Whether the cardiovascular effects of rosiglitazone and pioglitazone are confirmed or not with clinical outcome studies, these recent findings have changed the way regulatory agencies review and approve drugs and protein therapeutics for the treatment of T2D. Earlier this year, the FDA published their draft guidance for the development of new diabetes therapeutics. The guidance affirms that in the absence of cardiovascular signal, long-term cardiovascular studies could be conducted postapproval in a reasonable timeframe [93]. However, large outcome trials should be conducted prior to submission of regulatory dossiers for drugs that show nonclinical or clinical evidence of increasing cardiovascular risk [93].

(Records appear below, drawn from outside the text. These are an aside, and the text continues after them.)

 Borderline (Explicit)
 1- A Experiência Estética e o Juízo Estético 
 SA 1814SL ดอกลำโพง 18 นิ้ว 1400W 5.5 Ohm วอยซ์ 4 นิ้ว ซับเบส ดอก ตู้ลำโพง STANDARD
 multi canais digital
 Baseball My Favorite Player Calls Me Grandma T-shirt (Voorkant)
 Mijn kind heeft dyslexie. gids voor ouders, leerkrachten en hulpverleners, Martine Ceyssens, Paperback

In addition to the cardiovascular effects, multiple PPAR modulators have been discontinued over the last several years due to carcinogenicity findings in rodents. Because of the prevalence of positive carcinogenicity findings with PPAR agonists and the lack of complete understanding of PPAR-induced tumor development, 2-year carcinogenicity studies in mice and rats are now required before clinical trials longer than 6 months in duration can be initiated [93, 94]. Moreover, PPARγ activation has recently been linked to an increased risk of fracture in humans [9597]. It has been proposed that PPARγ activators could have a direct effect on osteoblastogenesis [98, 99] and osteoclastogenesis [100] in rodents, but further clinical studies will be necessary to understand if these mechanisms are also involved in TZDs-induced bone loss in humans. Despite an increased risk of fracture with PPARγ activators in humans, the role of other PPAR isoforms on bone formation and resorption is less clear. The presence of PPARδ both at protein and mRNA levels has been reported in rat bone tissue sections, preosteoblasts, rodent and human osteoblastic cell lines as well as rabbit osteoclasts [101104], while PPARα has been found in preosteoblasts, chondrocytes, and human peripheral blood mononuclear cell (PBMC)-derived osteoclasts [101]. The role of PPARα and PPARδ in bone formation and resorption needs to be further determined.

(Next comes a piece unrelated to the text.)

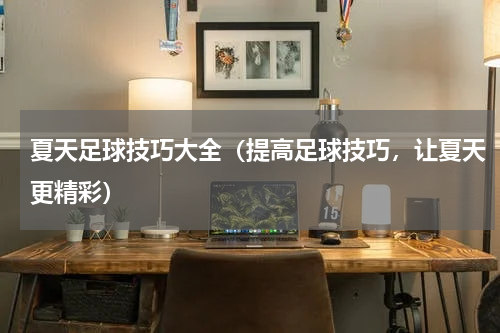 夏天足球技巧大全（提高足球技巧，让夏天更精彩）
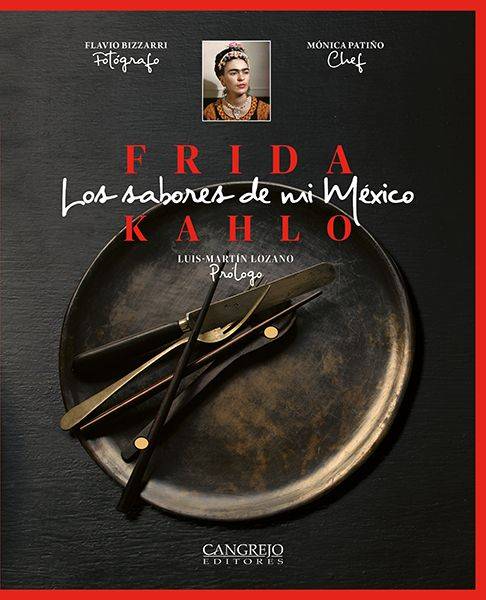 Frida Kahlo – Los sabores de mi México - Cangrejo Editores Latinoamérica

4. Summary and Perspectives

Obesity and associated disorders are serious diseases affecting millions of people worldwide. The therapeutic options currently offered are providing limited efficacy and are coupled with several serious side effects. Despite significant challenges associated with their development, PPAR modulators are potential new obesity therapies that could offer not only weight management opportunities but also amelioration of the associated disorders by correcting the causes of insulin resistance and dyslipidemia. Molecules targeting PPARδ, alone or in combination with other PPARs, offer significant advantages as PPARδ seems to have beneficial cardioprotective effects in rodents by modulating fuel utilization in addition to its anti-inflammatory and lipid effects. Whether or not such weight-modulating therapies will be relevant to humans and ultimately approvable by regulatory agencies remain to be determined.